In the records below, find the line that contains "Victoriaheller Chaturbate stream" and the line that contains "3-1915 Fernwood Road, Victoria", then retype exactly those two lines and every line between them.

START Exercise inputs

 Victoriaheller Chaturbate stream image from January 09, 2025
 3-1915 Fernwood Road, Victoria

END Exercise inputs
START Exercise inputs

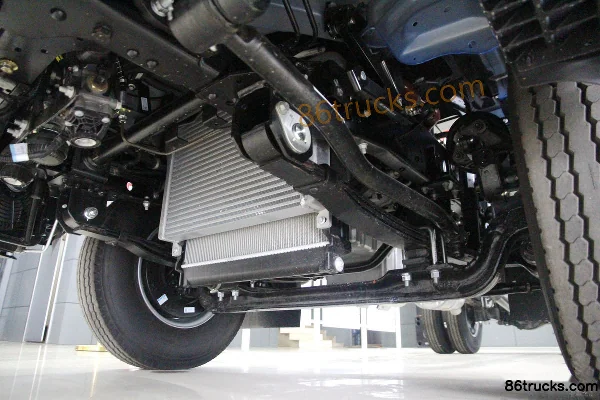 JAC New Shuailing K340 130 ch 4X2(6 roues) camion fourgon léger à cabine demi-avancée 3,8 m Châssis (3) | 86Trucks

END Exercise inputs

● The answer
 Victoriaheller Chaturbate stream image from January 09, 2025
 3-1915 Fernwood Road, Victoria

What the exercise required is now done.